What you need to do:
Reproduce each entry below verbatim.

Study material:
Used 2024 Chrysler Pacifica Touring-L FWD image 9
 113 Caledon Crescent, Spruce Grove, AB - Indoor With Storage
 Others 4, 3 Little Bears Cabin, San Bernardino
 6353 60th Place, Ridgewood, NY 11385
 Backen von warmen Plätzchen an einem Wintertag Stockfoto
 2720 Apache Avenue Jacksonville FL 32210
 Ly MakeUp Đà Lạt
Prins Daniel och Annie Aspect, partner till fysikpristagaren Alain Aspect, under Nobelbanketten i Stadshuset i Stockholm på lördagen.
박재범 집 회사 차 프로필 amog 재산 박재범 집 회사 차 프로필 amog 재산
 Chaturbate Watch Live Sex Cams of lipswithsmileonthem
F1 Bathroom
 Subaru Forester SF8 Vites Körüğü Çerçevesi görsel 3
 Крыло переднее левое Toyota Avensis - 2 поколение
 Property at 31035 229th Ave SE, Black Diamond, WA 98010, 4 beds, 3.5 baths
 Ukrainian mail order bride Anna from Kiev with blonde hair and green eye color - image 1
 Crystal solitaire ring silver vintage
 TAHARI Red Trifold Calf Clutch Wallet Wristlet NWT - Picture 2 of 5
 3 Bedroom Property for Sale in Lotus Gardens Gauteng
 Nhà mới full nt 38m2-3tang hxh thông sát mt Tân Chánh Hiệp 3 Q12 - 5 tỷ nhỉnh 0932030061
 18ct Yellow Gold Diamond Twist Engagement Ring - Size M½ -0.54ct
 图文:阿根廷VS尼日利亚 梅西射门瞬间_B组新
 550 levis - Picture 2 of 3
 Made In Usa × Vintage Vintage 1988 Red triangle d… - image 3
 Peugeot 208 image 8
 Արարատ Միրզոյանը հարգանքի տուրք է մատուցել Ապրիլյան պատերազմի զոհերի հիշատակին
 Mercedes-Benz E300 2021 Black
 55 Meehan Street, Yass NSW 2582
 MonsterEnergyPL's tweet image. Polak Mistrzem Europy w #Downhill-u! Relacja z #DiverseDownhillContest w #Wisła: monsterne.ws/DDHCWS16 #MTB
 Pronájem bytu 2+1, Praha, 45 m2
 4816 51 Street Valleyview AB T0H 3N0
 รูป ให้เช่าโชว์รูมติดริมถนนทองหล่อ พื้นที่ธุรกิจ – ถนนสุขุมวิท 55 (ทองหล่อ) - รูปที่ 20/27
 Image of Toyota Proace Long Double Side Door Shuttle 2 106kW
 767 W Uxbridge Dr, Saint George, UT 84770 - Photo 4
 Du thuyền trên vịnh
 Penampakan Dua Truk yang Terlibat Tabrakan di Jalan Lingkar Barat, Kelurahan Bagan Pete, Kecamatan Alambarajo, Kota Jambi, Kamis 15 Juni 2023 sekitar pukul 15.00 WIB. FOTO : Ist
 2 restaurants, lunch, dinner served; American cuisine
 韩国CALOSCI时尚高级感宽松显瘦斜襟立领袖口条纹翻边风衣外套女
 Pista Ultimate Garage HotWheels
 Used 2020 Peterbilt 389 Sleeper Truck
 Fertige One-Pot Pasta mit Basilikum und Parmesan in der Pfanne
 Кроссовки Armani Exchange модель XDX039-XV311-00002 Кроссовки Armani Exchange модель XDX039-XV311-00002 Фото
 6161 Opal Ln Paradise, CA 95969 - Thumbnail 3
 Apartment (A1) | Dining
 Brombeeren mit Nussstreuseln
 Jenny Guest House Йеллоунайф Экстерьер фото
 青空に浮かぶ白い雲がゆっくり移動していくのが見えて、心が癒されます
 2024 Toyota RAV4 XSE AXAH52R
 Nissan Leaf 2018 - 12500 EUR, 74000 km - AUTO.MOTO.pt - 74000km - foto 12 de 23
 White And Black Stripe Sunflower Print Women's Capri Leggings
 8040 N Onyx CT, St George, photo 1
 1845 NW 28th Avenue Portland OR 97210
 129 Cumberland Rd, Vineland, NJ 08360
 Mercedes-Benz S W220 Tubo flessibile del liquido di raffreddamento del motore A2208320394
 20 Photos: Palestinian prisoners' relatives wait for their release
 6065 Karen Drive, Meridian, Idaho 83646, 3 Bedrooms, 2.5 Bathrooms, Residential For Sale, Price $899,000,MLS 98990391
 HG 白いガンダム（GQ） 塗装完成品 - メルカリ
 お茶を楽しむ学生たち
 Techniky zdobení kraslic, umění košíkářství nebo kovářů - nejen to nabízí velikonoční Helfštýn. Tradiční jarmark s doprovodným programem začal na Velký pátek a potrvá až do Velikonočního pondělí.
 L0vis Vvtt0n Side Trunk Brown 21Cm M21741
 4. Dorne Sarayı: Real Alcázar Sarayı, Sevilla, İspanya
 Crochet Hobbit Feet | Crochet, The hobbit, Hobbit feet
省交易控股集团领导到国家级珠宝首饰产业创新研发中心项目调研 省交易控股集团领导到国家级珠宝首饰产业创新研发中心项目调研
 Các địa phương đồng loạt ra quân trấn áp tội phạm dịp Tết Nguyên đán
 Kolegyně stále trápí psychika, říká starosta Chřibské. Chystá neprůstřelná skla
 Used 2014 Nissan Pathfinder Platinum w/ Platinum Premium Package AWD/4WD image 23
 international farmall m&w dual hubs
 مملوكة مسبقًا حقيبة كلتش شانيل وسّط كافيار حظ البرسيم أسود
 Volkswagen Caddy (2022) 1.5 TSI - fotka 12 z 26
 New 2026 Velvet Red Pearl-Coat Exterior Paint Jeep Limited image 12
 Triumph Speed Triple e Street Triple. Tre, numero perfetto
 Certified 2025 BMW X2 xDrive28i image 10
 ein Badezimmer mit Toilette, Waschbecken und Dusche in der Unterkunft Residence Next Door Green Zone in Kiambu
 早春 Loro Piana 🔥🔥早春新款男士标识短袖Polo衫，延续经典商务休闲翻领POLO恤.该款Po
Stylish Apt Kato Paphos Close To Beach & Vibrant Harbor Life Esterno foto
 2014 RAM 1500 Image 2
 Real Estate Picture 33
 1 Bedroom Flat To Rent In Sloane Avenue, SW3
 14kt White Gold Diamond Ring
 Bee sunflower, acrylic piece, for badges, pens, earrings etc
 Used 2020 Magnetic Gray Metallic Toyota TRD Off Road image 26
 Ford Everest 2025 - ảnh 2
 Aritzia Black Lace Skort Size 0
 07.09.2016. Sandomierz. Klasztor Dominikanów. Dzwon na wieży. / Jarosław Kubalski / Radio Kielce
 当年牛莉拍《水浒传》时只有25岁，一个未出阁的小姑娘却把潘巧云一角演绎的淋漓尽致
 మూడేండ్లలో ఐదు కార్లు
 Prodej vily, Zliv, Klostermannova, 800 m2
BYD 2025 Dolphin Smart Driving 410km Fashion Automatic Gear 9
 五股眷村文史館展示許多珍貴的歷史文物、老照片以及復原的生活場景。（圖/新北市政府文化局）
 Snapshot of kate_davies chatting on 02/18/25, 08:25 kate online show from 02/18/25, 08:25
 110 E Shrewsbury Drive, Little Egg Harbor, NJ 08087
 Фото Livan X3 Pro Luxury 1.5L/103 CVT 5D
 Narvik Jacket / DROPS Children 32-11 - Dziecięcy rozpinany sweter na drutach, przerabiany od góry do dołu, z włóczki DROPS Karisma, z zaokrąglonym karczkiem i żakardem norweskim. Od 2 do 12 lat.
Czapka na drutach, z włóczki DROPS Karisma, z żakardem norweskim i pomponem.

Expected output:
Used 2024 Chrysler Pacifica Touring-L FWD image 9
 113 Caledon Crescent, Spruce Grove, AB - Indoor With Storage
 Others 4, 3 Little Bears Cabin, San Bernardino
 6353 60th Place, Ridgewood, NY 11385
 Backen von warmen Plätzchen an einem Wintertag Stockfoto
 2720 Apache Avenue Jacksonville FL 32210
 Ly MakeUp Đà Lạt
Prins Daniel och Annie Aspect, partner till fysikpristagaren Alain Aspect, under Nobelbanketten i Stadshuset i Stockholm på lördagen.
박재범 집 회사 차 프로필 amog 재산 박재범 집 회사 차 프로필 amog 재산
 Chaturbate Watch Live Sex Cams of lipswithsmileonthem
F1 Bathroom
 Subaru Forester SF8 Vites Körüğü Çerçevesi görsel 3
 Крыло переднее левое Toyota Avensis - 2 поколение
 Property at 31035 229th Ave SE, Black Diamond, WA 98010, 4 beds, 3.5 baths
 Ukrainian mail order bride Anna from Kiev with blonde hair and green eye color - image 1
 Crystal solitaire ring silver vintage
 TAHARI Red Trifold Calf Clutch Wallet Wristlet NWT - Picture 2 of 5
 3 Bedroom Property for Sale in Lotus Gardens Gauteng
 Nhà mới full nt 38m2-3tang hxh thông sát mt Tân Chánh Hiệp 3 Q12 - 5 tỷ nhỉnh 0932030061
 18ct Yellow Gold Diamond Twist Engagement Ring - Size M½ -0.54ct
 图文:阿根廷VS尼日利亚 梅西射门瞬间_B组新
 550 levis - Picture 2 of 3
 Made In Usa × Vintage Vintage 1988 Red triangle d… - image 3
 Peugeot 208 image 8
 Արարատ Միրզոյանը հարգանքի տուրք է մատուցել Ապրիլյան պատերազմի զոհերի հիշատակին
 Mercedes-Benz E300 2021 Black
 55 Meehan Street, Yass NSW 2582
 MonsterEnergyPL's tweet image. Polak Mistrzem Europy w #Downhill-u! Relacja z #DiverseDownhillContest w #Wisła: monsterne.ws/DDHCWS16 #MTB
 Pronájem bytu 2+1, Praha, 45 m2
 4816 51 Street Valleyview AB T0H 3N0
 รูป ให้เช่าโชว์รูมติดริมถนนทองหล่อ พื้นที่ธุรกิจ – ถนนสุขุมวิท 55 (ทองหล่อ) - รูปที่ 20/27
 Image of Toyota Proace Long Double Side Door Shuttle 2 106kW
 767 W Uxbridge Dr, Saint George, UT 84770 - Photo 4
 Du thuyền trên vịnh
 Penampakan Dua Truk yang Terlibat Tabrakan di Jalan Lingkar Barat, Kelurahan Bagan Pete, Kecamatan Alambarajo, Kota Jambi, Kamis 15 Juni 2023 sekitar pukul 15.00 WIB. FOTO : Ist
 2 restaurants, lunch, dinner served; American cuisine
 韩国CALOSCI时尚高级感宽松显瘦斜襟立领袖口条纹翻边风衣外套女
 Pista Ultimate Garage HotWheels
 Used 2020 Peterbilt 389 Sleeper Truck
 Fertige One-Pot Pasta mit Basilikum und Parmesan in der Pfanne
 Кроссовки Armani Exchange модель XDX039-XV311-00002 Кроссовки Armani Exchange модель XDX039-XV311-00002 Фото
 6161 Opal Ln Paradise, CA 95969 - Thumbnail 3
 Apartment (A1) | Dining
 Brombeeren mit Nussstreuseln
 Jenny Guest House Йеллоунайф Экстерьер фото
 青空に浮かぶ白い雲がゆっくり移動していくのが見えて、心が癒されます
 2024 Toyota RAV4 XSE AXAH52R
 Nissan Leaf 2018 - 12500 EUR, 74000 km - AUTO.MOTO.pt - 74000km - foto 12 de 23
 White And Black Stripe Sunflower Print Women's Capri Leggings
 8040 N Onyx CT, St George, photo 1
 1845 NW 28th Avenue Portland OR 97210
 129 Cumberland Rd, Vineland, NJ 08360
 Mercedes-Benz S W220 Tubo flessibile del liquido di raffreddamento del motore A2208320394
 20 Photos: Palestinian prisoners' relatives wait for their release
 6065 Karen Drive, Meridian, Idaho 83646, 3 Bedrooms, 2.5 Bathrooms, Residential For Sale, Price $899,000,MLS 98990391
 HG 白いガンダム（GQ） 塗装完成品 - メルカリ
 お茶を楽しむ学生たち
 Techniky zdobení kraslic, umění košíkářství nebo kovářů - nejen to nabízí velikonoční Helfštýn. Tradiční jarmark s doprovodným programem začal na Velký pátek a potrvá až do Velikonočního pondělí.
 L0vis Vvtt0n Side Trunk Brown 21Cm M21741
 4. Dorne Sarayı: Real Alcázar Sarayı, Sevilla, İspanya
 Crochet Hobbit Feet | Crochet, The hobbit, Hobbit feet
省交易控股集团领导到国家级珠宝首饰产业创新研发中心项目调研 省交易控股集团领导到国家级珠宝首饰产业创新研发中心项目调研
 Các địa phương đồng loạt ra quân trấn áp tội phạm dịp Tết Nguyên đán
 Kolegyně stále trápí psychika, říká starosta Chřibské. Chystá neprůstřelná skla
 Used 2014 Nissan Pathfinder Platinum w/ Platinum Premium Package AWD/4WD image 23
 international farmall m&w dual hubs
 مملوكة مسبقًا حقيبة كلتش شانيل وسّط كافيار حظ البرسيم أسود
 Volkswagen Caddy (2022) 1.5 TSI - fotka 12 z 26
 New 2026 Velvet Red Pearl-Coat Exterior Paint Jeep Limited image 12
 Triumph Speed Triple e Street Triple. Tre, numero perfetto
 Certified 2025 BMW X2 xDrive28i image 10
 ein Badezimmer mit Toilette, Waschbecken und Dusche in der Unterkunft Residence Next Door Green Zone in Kiambu
 早春 Loro Piana 🔥🔥早春新款男士标识短袖Polo衫，延续经典商务休闲翻领POLO恤.该款Po
Stylish Apt Kato Paphos Close To Beach & Vibrant Harbor Life Esterno foto
 2014 RAM 1500 Image 2
 Real Estate Picture 33
 1 Bedroom Flat To Rent In Sloane Avenue, SW3
 14kt White Gold Diamond Ring
 Bee sunflower, acrylic piece, for badges, pens, earrings etc
 Used 2020 Magnetic Gray Metallic Toyota TRD Off Road image 26
 Ford Everest 2025 - ảnh 2
 Aritzia Black Lace Skort Size 0
 07.09.2016. Sandomierz. Klasztor Dominikanów. Dzwon na wieży. / Jarosław Kubalski / Radio Kielce
 当年牛莉拍《水浒传》时只有25岁，一个未出阁的小姑娘却把潘巧云一角演绎的淋漓尽致
 మూడేండ్లలో ఐదు కార్లు
 Prodej vily, Zliv, Klostermannova, 800 m2
BYD 2025 Dolphin Smart Driving 410km Fashion Automatic Gear 9
 五股眷村文史館展示許多珍貴的歷史文物、老照片以及復原的生活場景。（圖/新北市政府文化局）
 Snapshot of kate_davies chatting on 02/18/25, 08:25 kate online show from 02/18/25, 08:25
 110 E Shrewsbury Drive, Little Egg Harbor, NJ 08087
 Фото Livan X3 Pro Luxury 1.5L/103 CVT 5D
 Narvik Jacket / DROPS Children 32-11 - Dziecięcy rozpinany sweter na drutach, przerabiany od góry do dołu, z włóczki DROPS Karisma, z zaokrąglonym karczkiem i żakardem norweskim. Od 2 do 12 lat.
Czapka na drutach, z włóczki DROPS Karisma, z żakardem norweskim i pomponem.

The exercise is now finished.